• [Problem details]:
Give back an exact copy of the entries beneath, minus the pictures.

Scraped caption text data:
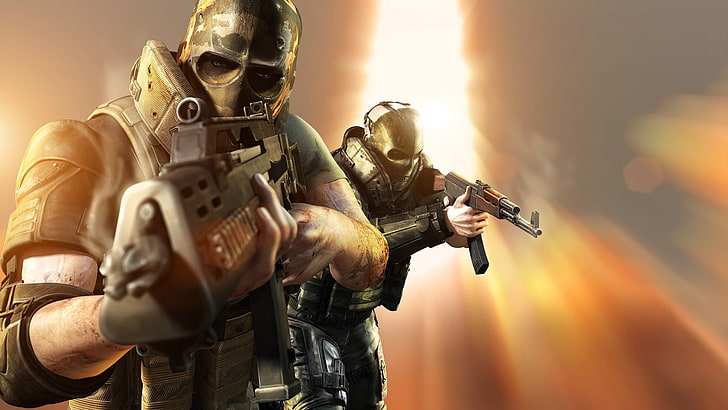 two soldier holding rifle digital wallpaper, army of two, arms, HD wallpaper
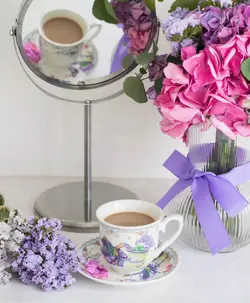 فنجان چای خوری طرح لاوندر به همراه نعلبکی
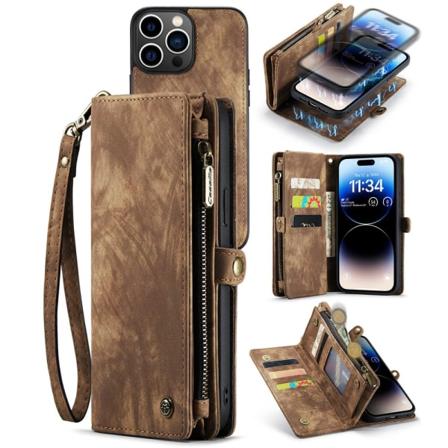 Caseme Multi-slot 2 I 1 Plånboksfodral Iphone 14 Pro Max Brun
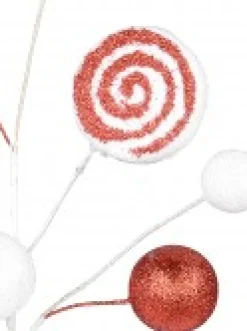 Cheap Christmas Warehouse Red & White Candy Cane Swirls & Balls Decorative Christmas Spray Pick - 28Cm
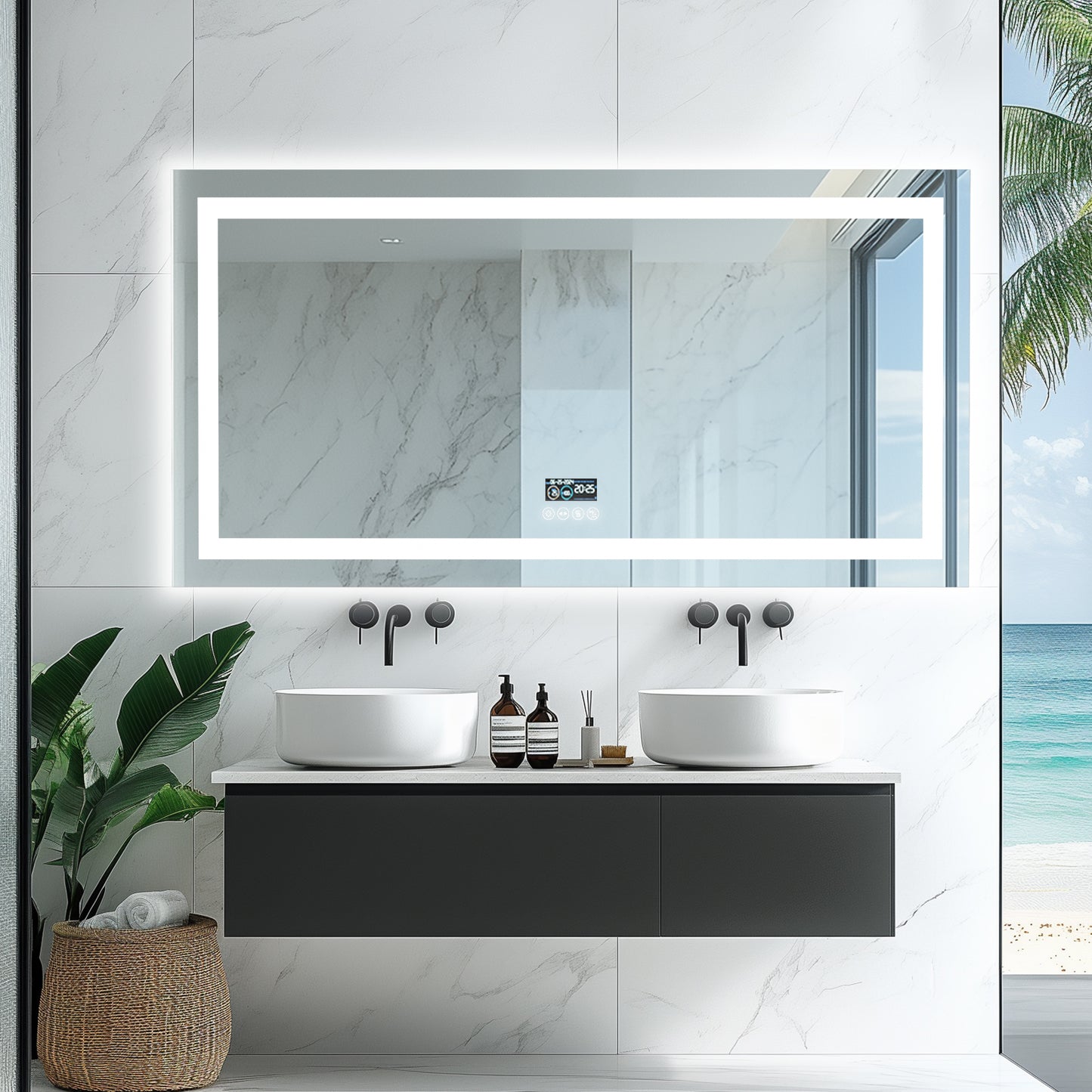 LUVODI LED Rectangular Bluetooth Mirror with Samrt Display Horizontal Hanging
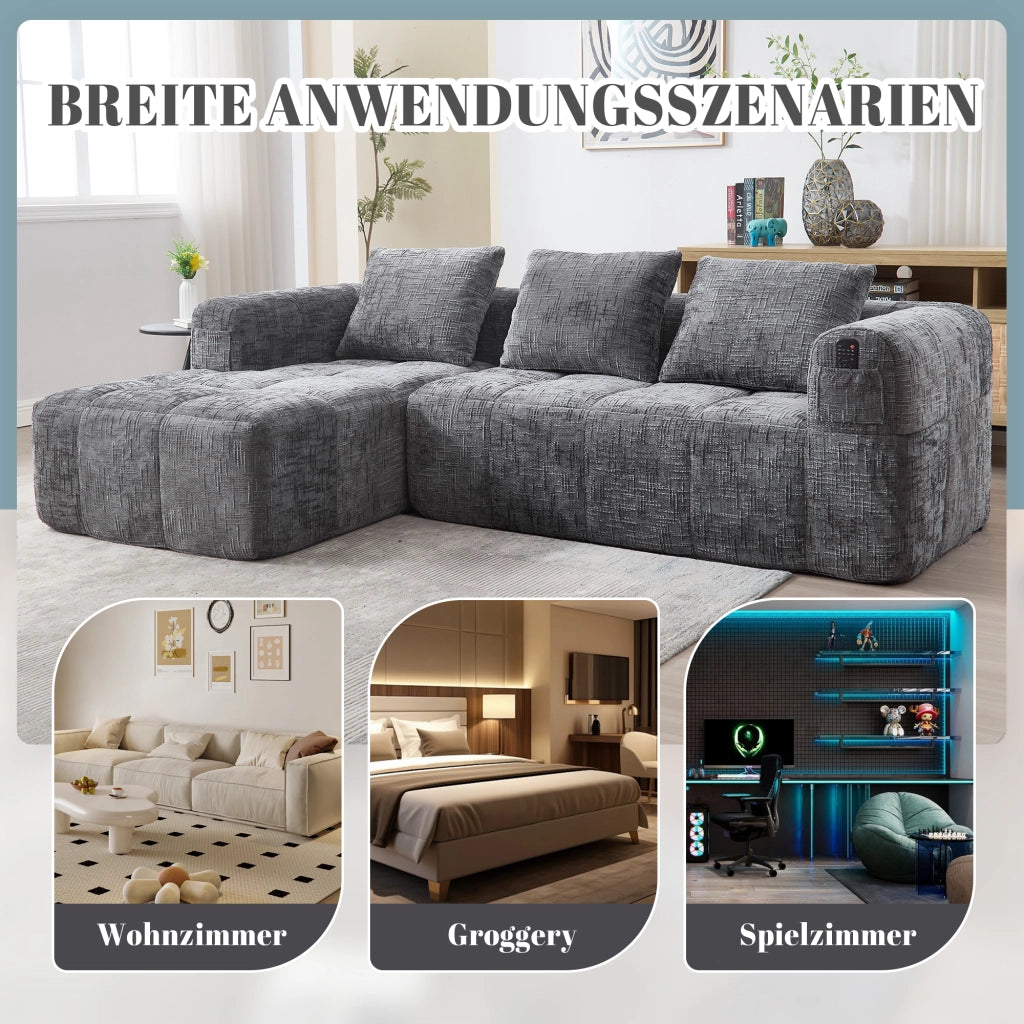 OKWISH Divano Angolare 3 Posti Modulare, con Chaise Longue, Tasche Laterali e 3 Cuscini, Ciniglia, Grigio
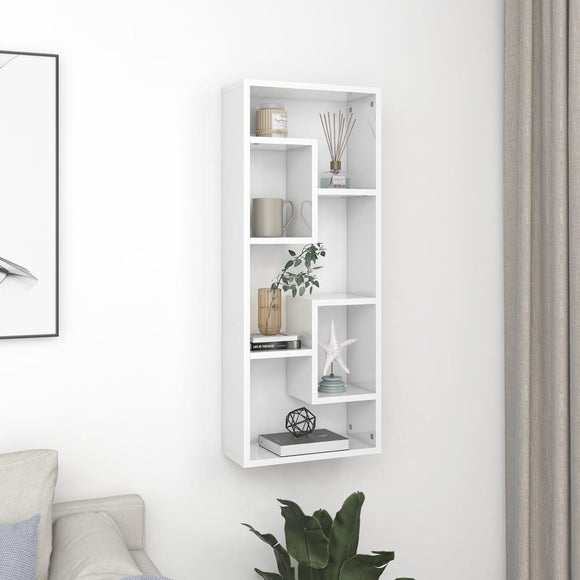 NNEVL Wall Shelf High Gloss White 36x16x90 cm Chipboard
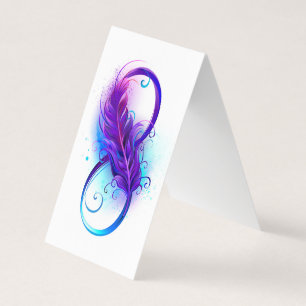 Carte De Visite Infinity with purple feather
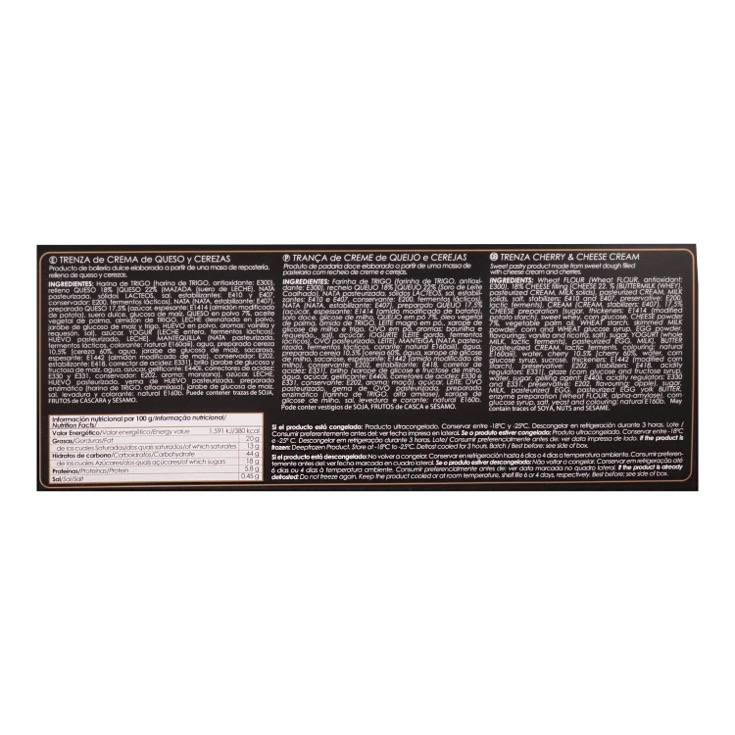 Trenza Crema de Queso y Cerezas 500g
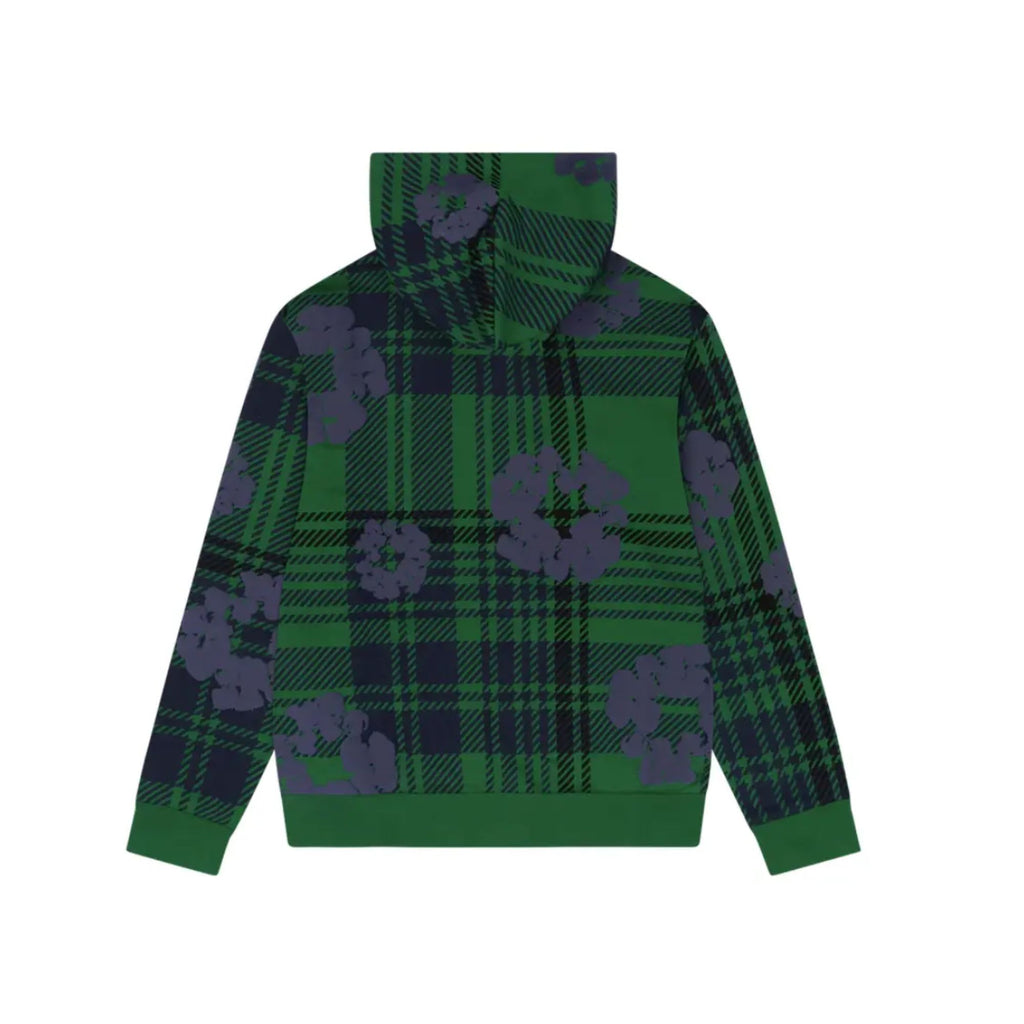 Denim Tears Plaid Cotton Wreath Zip Hoodie Green
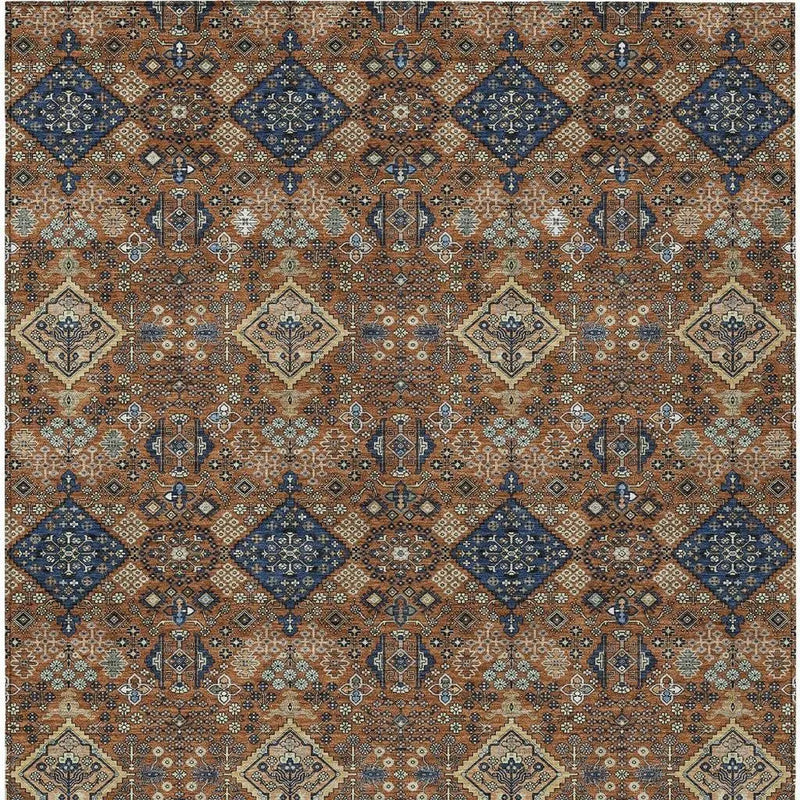 5' X 8' Orange And Navy Blue Geometric Washable Indoor Outdoor Area Rug Homeroots Outdoor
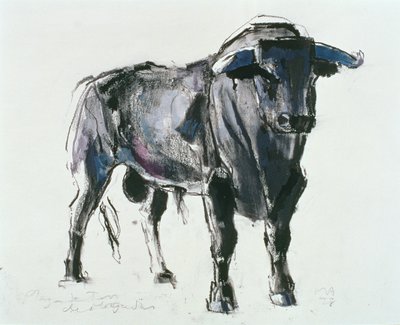 Miajadas的斗牛场，1998年（纸上混合媒体） 作者 Mark Adlington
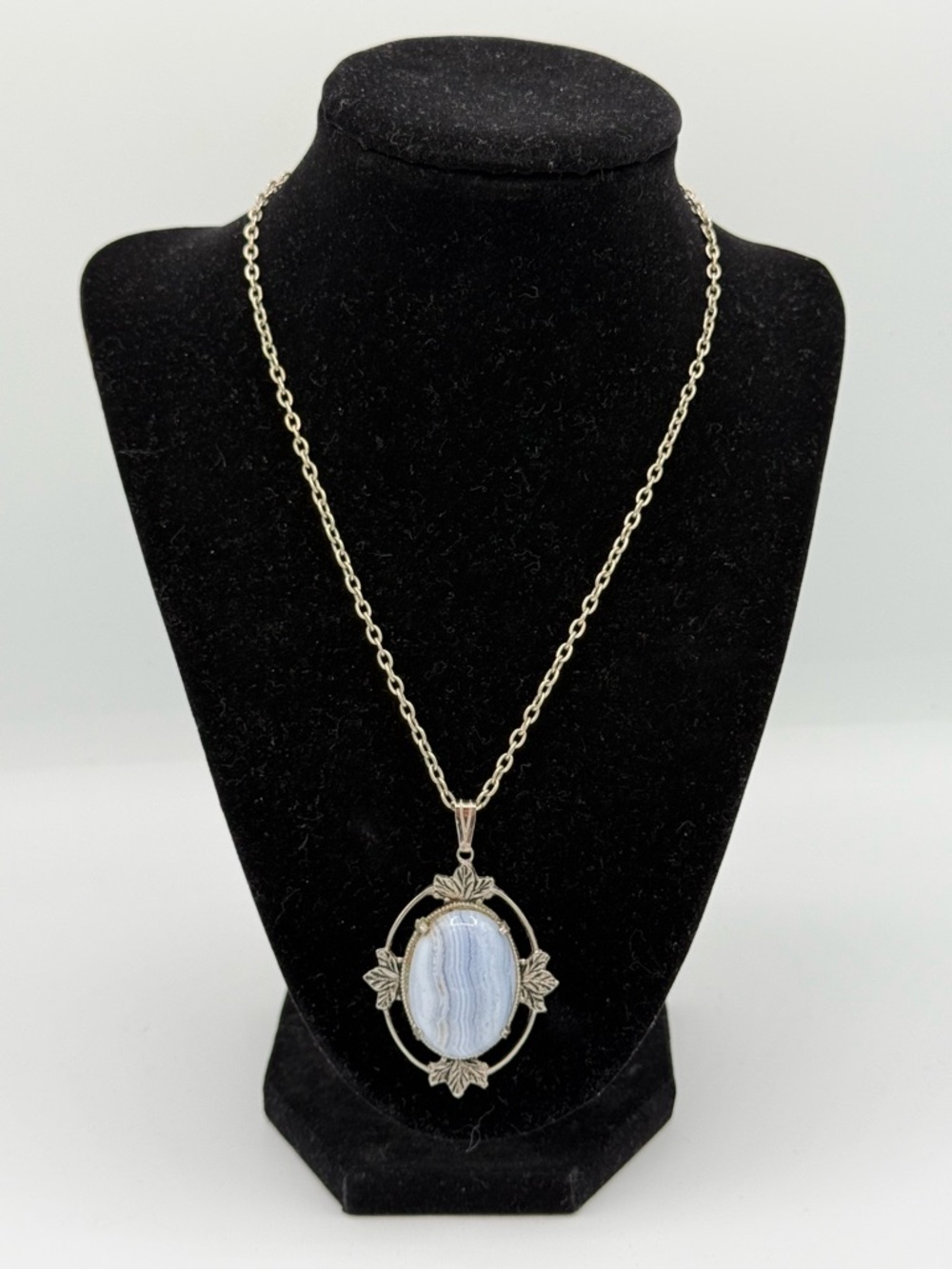 Silver Blue Lace Agate Pendant Necklace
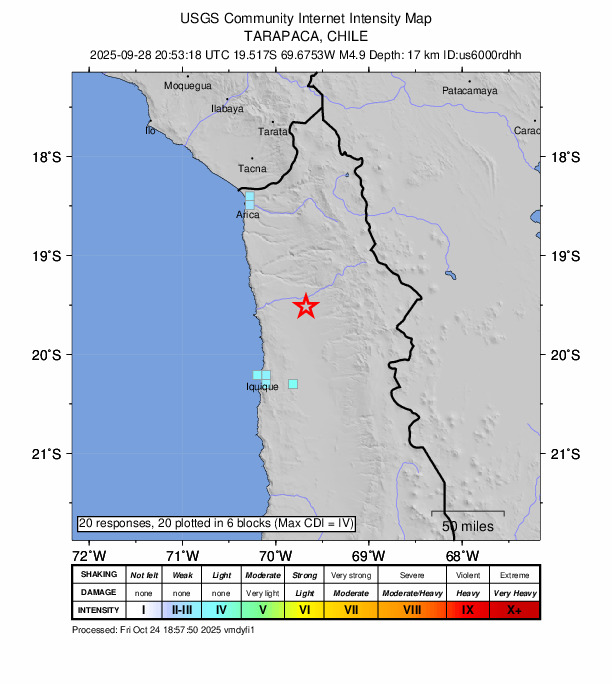 USGS DYFI community-reported intensity map for the M4.4 earthquake near 34 km SW of Camiña, Chile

• [Solution]:
 two soldier holding rifle digital wallpaper, army of two, arms, HD wallpaper
 فنجان چای خوری طرح لاوندر به همراه نعلبکی
 Caseme Multi-slot 2 I 1 Plånboksfodral Iphone 14 Pro Max Brun
 Cheap Christmas Warehouse Red & White Candy Cane Swirls & Balls Decorative Christmas Spray Pick - 28Cm
 LUVODI LED Rectangular Bluetooth Mirror with Samrt Display Horizontal Hanging
 OKWISH Divano Angolare 3 Posti Modulare, con Chaise Longue, Tasche Laterali e 3 Cuscini, Ciniglia, Grigio
 NNEVL Wall Shelf High Gloss White 36x16x90 cm Chipboard
 Carte De Visite Infinity with purple feather
 Trenza Crema de Queso y Cerezas 500g
 Denim Tears Plaid Cotton Wreath Zip Hoodie Green
 5' X 8' Orange And Navy Blue Geometric Washable Indoor Outdoor Area Rug Homeroots Outdoor
 Miajadas的斗牛场，1998年（纸上混合媒体） 作者 Mark Adlington
 Silver Blue Lace Agate Pendant Necklace
 USGS DYFI community-reported intensity map for the M4.4 earthquake near 34 km SW of Camiña, Chile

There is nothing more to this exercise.